M.A.B. Paints
- Company type: Public
- Industry: Paint/Coatings
- Founded: 1899
- Headquarters: Broomall, PA, U.S.
- Products: Paint Industrial coating Painting equipment
- Revenue: $146,000,000
- Owner: Sherwin-Williams
- Number of employees: 730 (2006)
- Website: www.mabpaints.com

= MAB Paints =

M.A.B. Paints (officially M.A. Bruder & Sons Inc.) was a regional manufacturer of architectural, commercial and industrial coatings for the professional and do-it-yourself markets.

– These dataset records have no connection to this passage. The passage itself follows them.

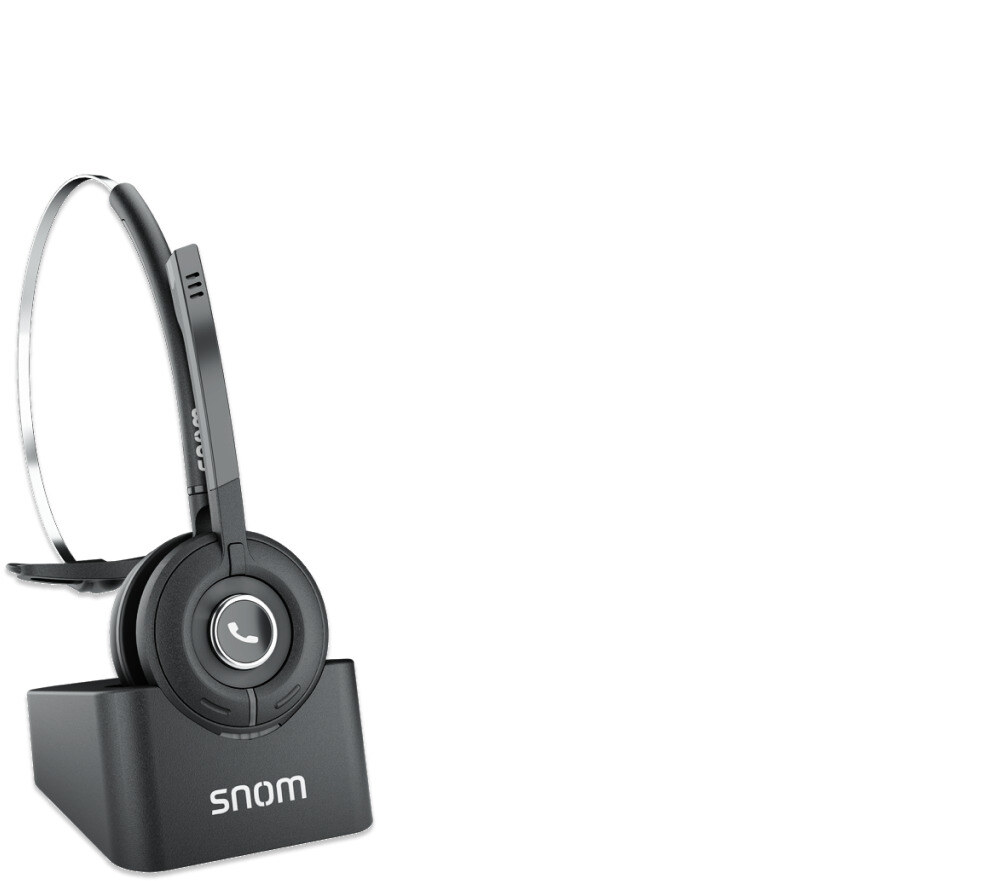 Snom A190 DECT headset – kép 2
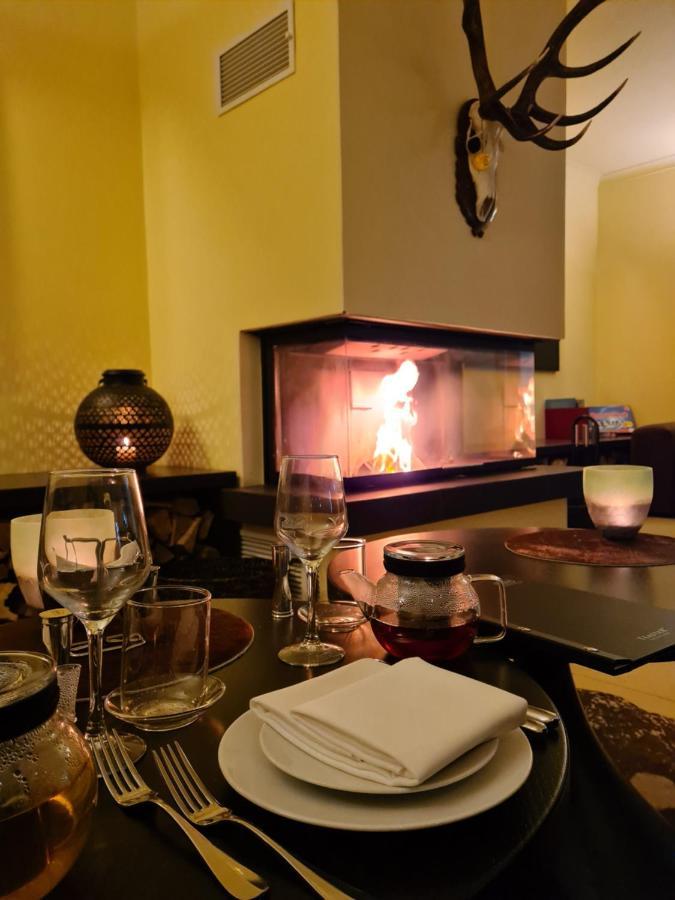Farmer Hotel Basedow Basedow  Экстерьер фото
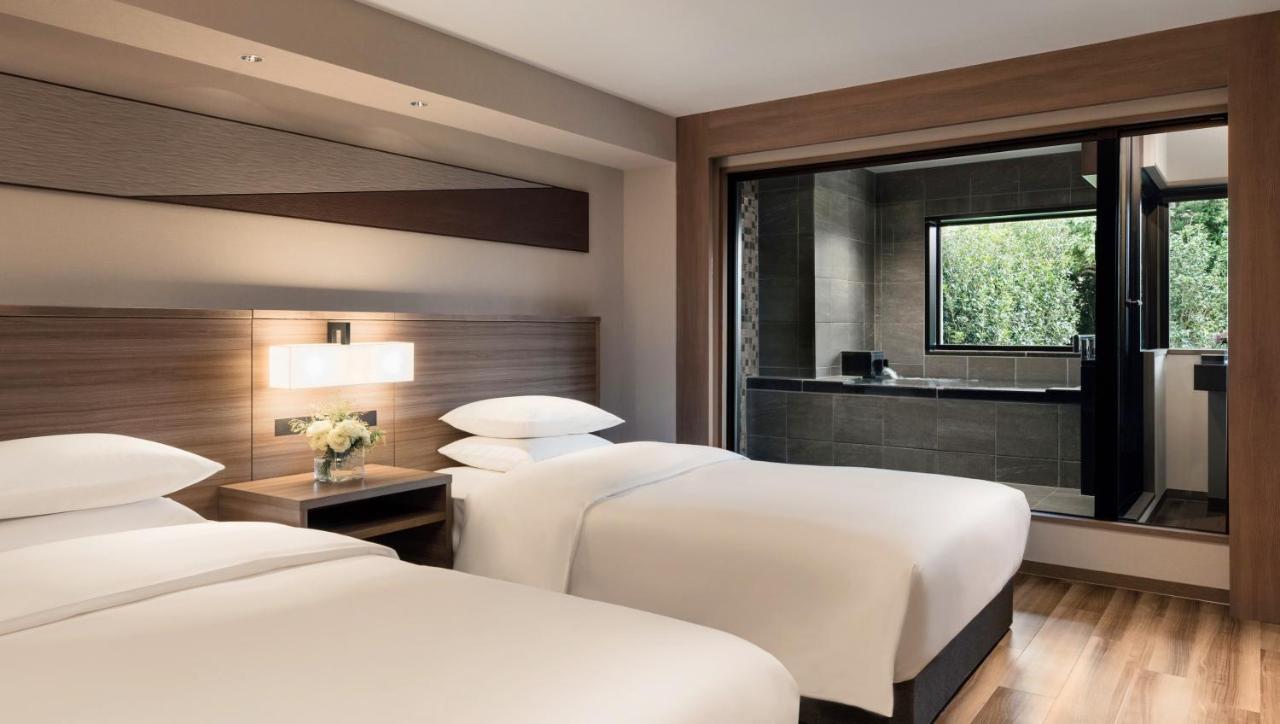 Izu Marriott Hotel Shuzenji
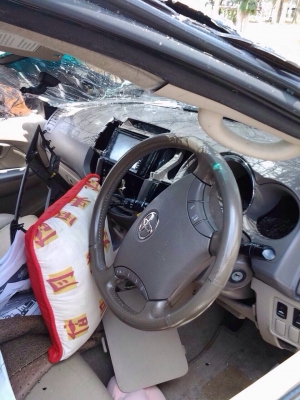 เฟอร์จูนเนอร์ตัวท๊อป ออโต้โฟร์วิน รื้อขายอะไหลทุกอย่าง เฟอร์จูนเนอร์ตัวท๊อป ออโต้โฟร์วิน รื้อขายอะไหลทุกอย่าง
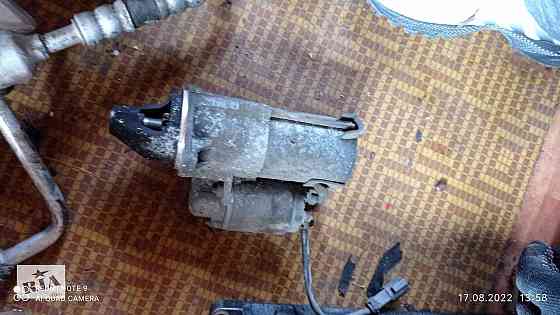 Стартер Chevrolet Lacetti 1.8 Киев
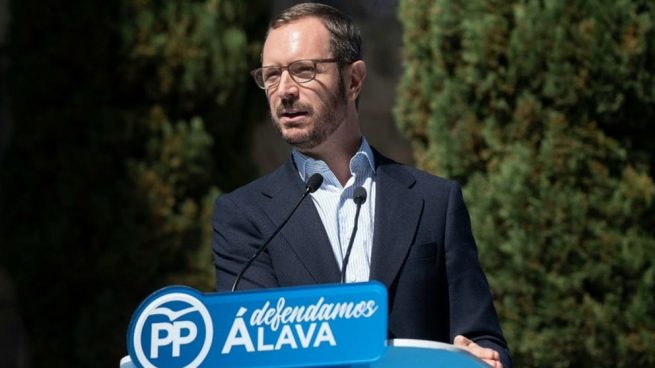 Maroto: «Iglesias purga a los abogados de Podemos para que no se sepan sus finanzas oscuras»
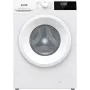 Máquina de lavar roupa Gorenje WNHPI62SCPS/DE Carga frontal 6 kg 1200 rpm Branco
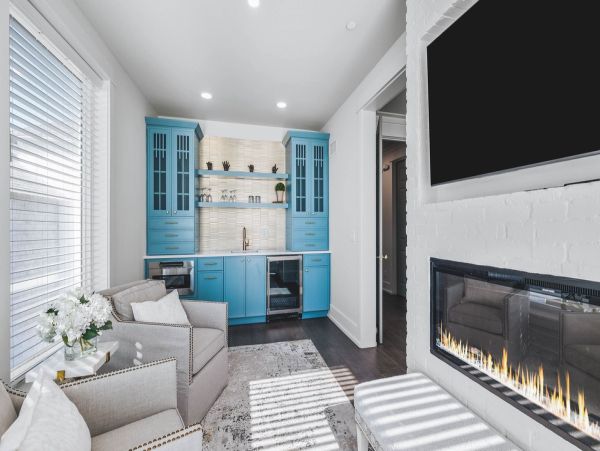 Eight Bedroom Gulf Front Vacation Rental in Panama City Beach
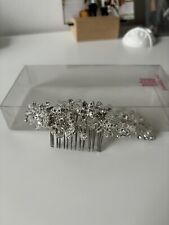 Haarspange emmerling hochzeit gebraucht kaufen  Altenkirchen, Gries, Ohmbach
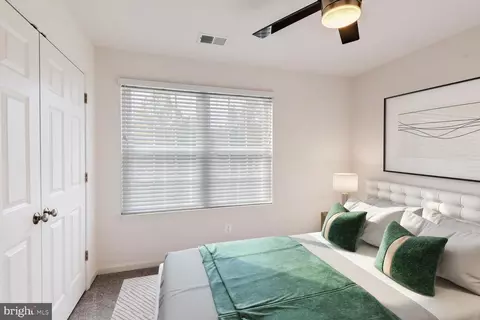 Bedroom - 1374 Odenton Rd, Odenton, MD 21113 photo 6 of 8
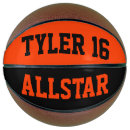 Suche nach basketbälle Allstar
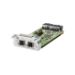 Hewlett Packard Enterprise JL325A network switch module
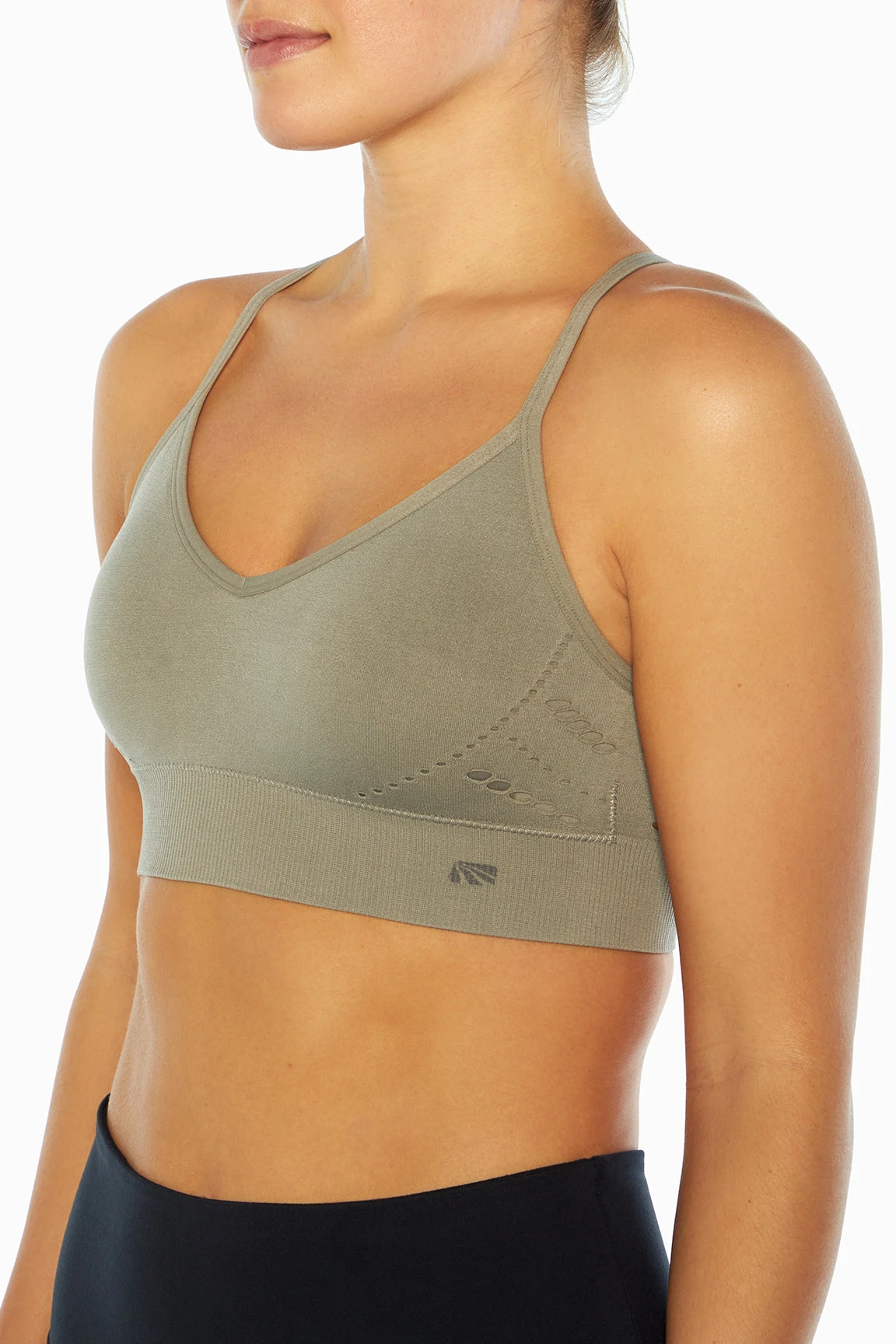 Marika London Seamless Sports Bra - High Support, Comfort Fit, New Arrival 15 Marika London Seamless Sports Bra Features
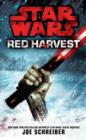 Star Wars: Red Harvest - eBook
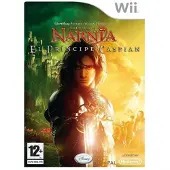 Games Wii The Chronicles Of Narnia Prince Caspian Selects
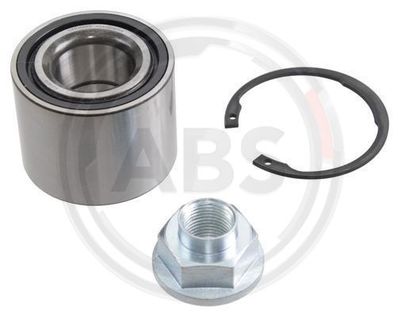 Wheel Bearing Kit A.B.S. 201291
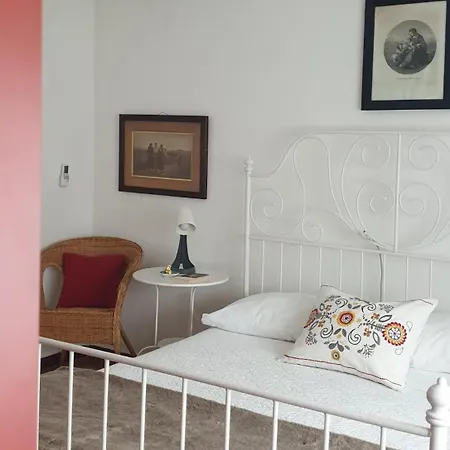 La Turr De Mezz- Lca Apartman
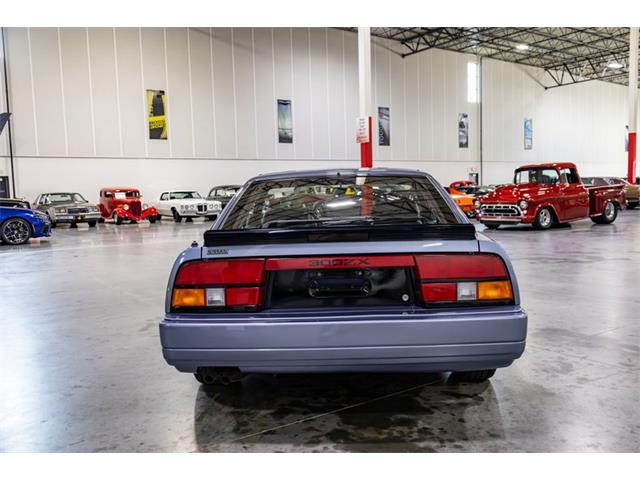 1986 Nissan 300ZX (CC-2096899) for sale in Kentwood, Michigan
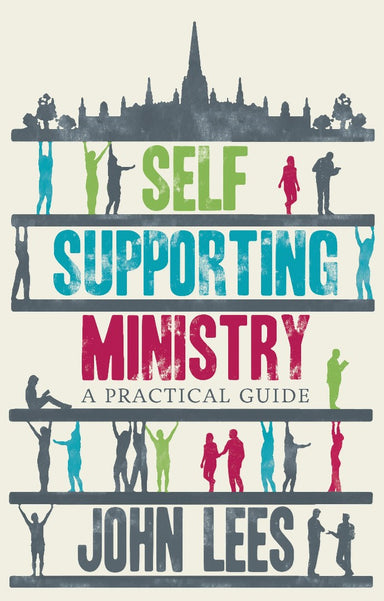 Image of Self-supporting Ministry other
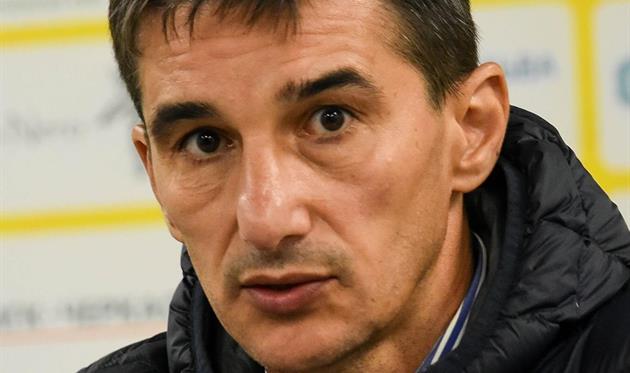 Валерій Кривенцов, ФК Зоря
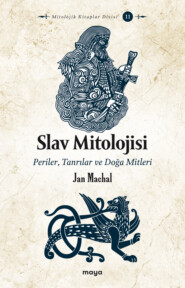 Slav Mitolojisi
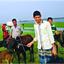 দলে দলে গ্রাম ছাড়ছে হাওরপাড়ের মানুষ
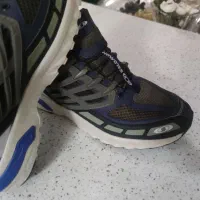 کتونی سالامون|کیف، کفش، کمربند|تهران, خانی آباد نو شمالی|دیوار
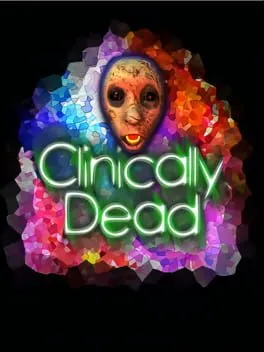  Clinically Dead  cover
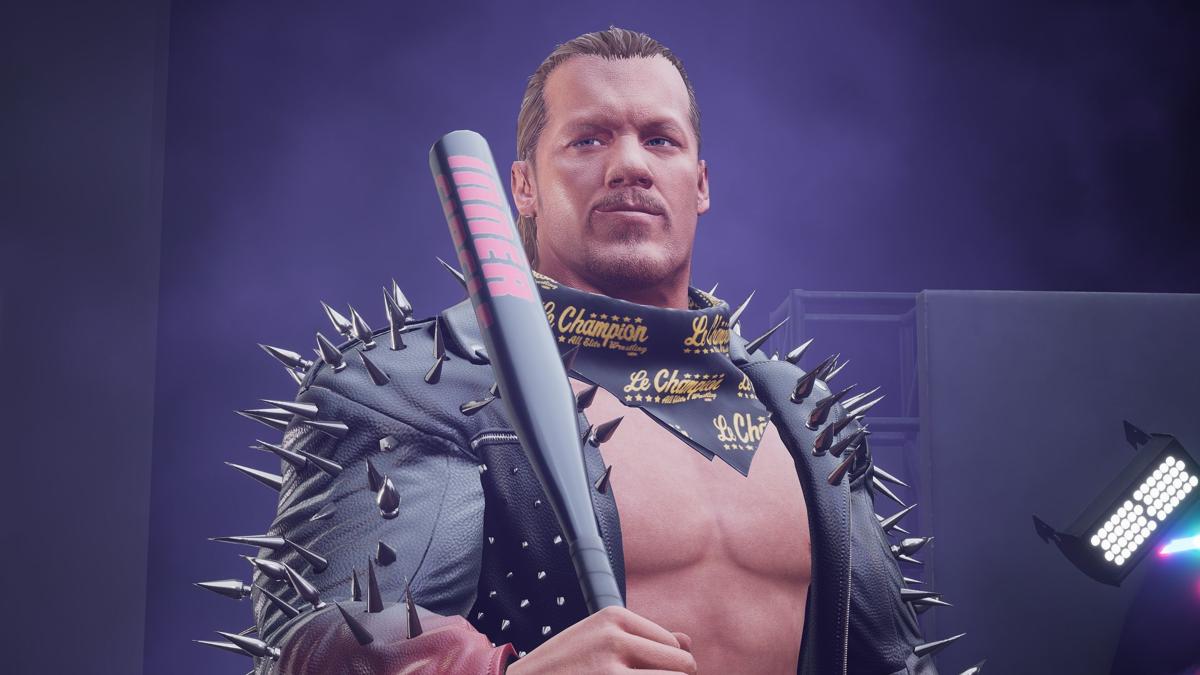 AEW All Elite Wrestling Fight Forever PS5 - Jeux Vidéo Physique - THQ NORDIC GAMES - Shop Just for Games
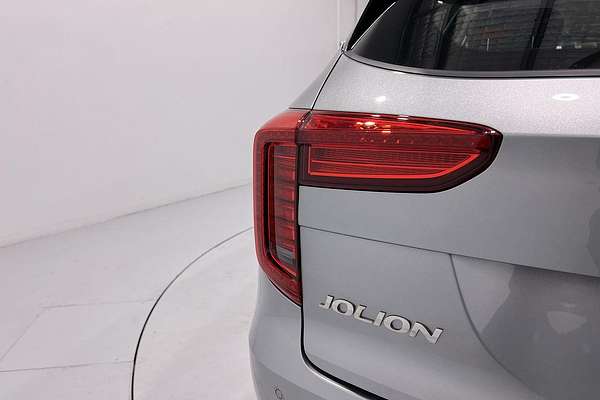 2025 GWM Haval Jolion Premium A01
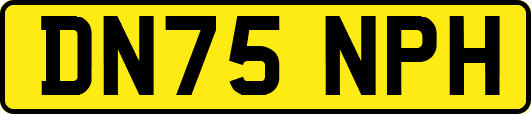 DN75NPH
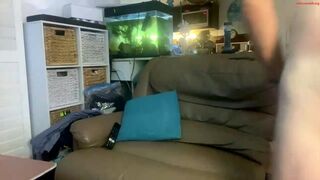 mrandmrsgray11 - Video  [Chaturbate] hair greeneyes red-head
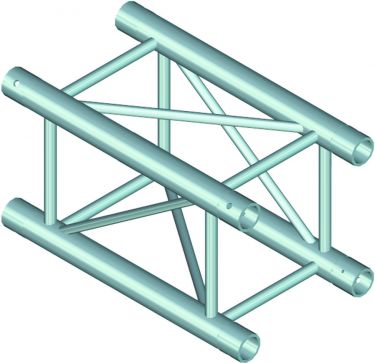 Alutruss TOWERTRUSS TQTR-500 4-way Cross Beam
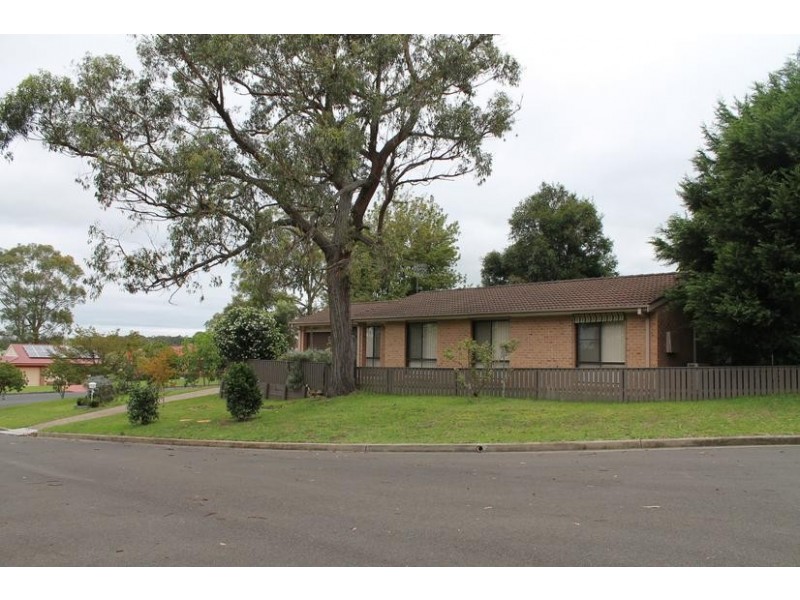 22 Devlin Avenue, North Nowra NSW 2541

Founded in 1899 in South Philadelphia by Michael A. Bruder, M.A.B. Paints grew to over 230 stores in 17 states.

==History==
From 1967, M.A.B. was run by Thomas A. Bruder, and was privately held until it was purchased by Sherwin-Williams in 2007.
M.A.B. Paints was well known throughout the Philadelphia metropolitan area because of their Make America Beautiful campaign and their sponsorship of local professional and amateur sports teams and charities, including the 2007 United States Club Lacrosse Association (USCLA) Champions, Philadelphia "M.A.B. Paints" Lacrosse Club.

The company's service motto was "On Time As Promised, Or We Pay," which was displayed in M.A.B. stores and facilities, and on M.A.B. business cards.